[Records from a dataset]
= = = =

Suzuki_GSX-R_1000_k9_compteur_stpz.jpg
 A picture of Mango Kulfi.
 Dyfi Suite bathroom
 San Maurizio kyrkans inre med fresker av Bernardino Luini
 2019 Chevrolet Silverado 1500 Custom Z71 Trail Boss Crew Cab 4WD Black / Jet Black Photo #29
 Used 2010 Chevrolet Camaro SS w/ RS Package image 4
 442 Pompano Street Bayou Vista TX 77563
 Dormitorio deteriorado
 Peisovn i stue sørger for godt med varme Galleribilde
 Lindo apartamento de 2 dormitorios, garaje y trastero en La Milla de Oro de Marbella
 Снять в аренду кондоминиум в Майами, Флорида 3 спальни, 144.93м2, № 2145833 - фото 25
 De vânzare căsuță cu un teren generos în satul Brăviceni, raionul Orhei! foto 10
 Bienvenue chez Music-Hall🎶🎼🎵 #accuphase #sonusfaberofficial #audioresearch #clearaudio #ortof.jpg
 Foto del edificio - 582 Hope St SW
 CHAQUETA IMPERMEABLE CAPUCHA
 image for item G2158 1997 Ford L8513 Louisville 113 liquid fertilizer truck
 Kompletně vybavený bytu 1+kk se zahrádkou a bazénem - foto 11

= = = =

• _EXERCISE GOAL_: Read through the entries above, and wherever a line holds the string "image", copy it.

• _SOLUTION FOR THIS EXERCISE_:
 Used 2010 Chevrolet Camaro SS w/ RS Package image 4
 image for item G2158 1997 Ford L8513 Louisville 113 liquid fertilizer truck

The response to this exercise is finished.